Sam's birthday is tomorrow. We're celebrating tonight, and I'm looking forward to all the hoopla - dressing him in his hanbok, doing the Toljabee (see http://www.lifeinkorea.com/culture/tol/tol.cfm if you don't know what this is), singing the happy birthday song, lighting his one candle and watching Alex "help" him blow it out, and giving him his presents. For some reason I'm feeling really happy about this milestone. He has made it to ONE! Even though I know his sweet little "tiny baby" days are over, I am looking forward to all the FUN stuff we'll be doing together. I think having Alex as the "prequel" helped. :-)
Of course, the one-to-two age range is difficult as well. Dangerous combination of mobility and utter cluelessness. Sam is already more mobile than I'm comfortable with. Today, for example, I caught him with his hands in the toilet again, and this was shortly after he learned he CAN tip over the kitchen trash can and sample the contents.

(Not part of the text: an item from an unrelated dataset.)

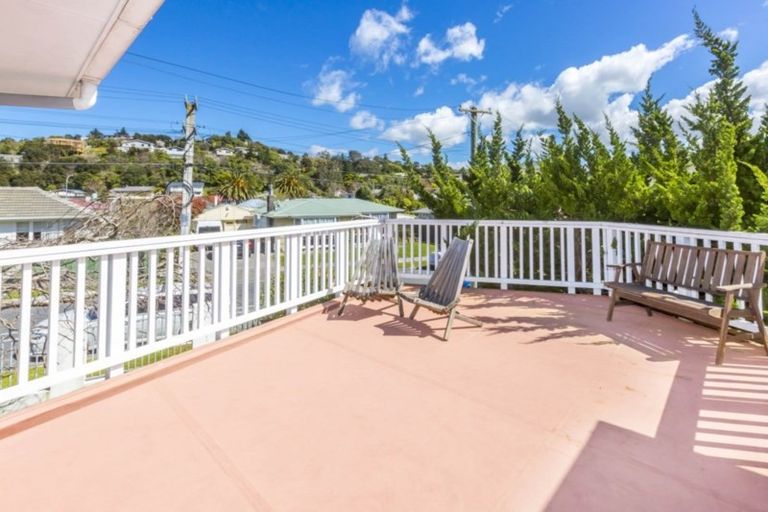 Photo of property in 69 Thomas Street, Stokes Valley, Lower Hutt, 5019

I got him in bed for a nap and went to fold laundry, only to discover the little "present" he had left me - a puddle of baby puke on the carpet next to my bed. (And yet for some reason I still LOVE, love LOVE the little punker! You mommies and daddies out there understand.)
Had a dream last night that he emptied a bowl of hot wax over his head. Don't ask me how there came to be a bowl of hot wax, but I just had that terrible sinking feeling as (in the dream) I was picturing him in the burn unit. I do worry more about Mr. Go-getter Sam hurting himself than I do with Alex. Trying to dance the fine line between being extra-vigilant and being the dreaded and scorned "over-protective" mother. It still irks me when Bryan pooh-poohs my "mommy safety rules," such as no balloons in the house (choking hazard) or no whole grapes for kids under 3. Even seemingly innocent things can turn deadly: on Easter, I was enjoying a quiet moment with my Time magazine when I heard Sam whimpering. Looked up and saw he had gotten his plastic Easter bucket handle around his neck and was stuck. He can find a way to make anything dangerous, that boy.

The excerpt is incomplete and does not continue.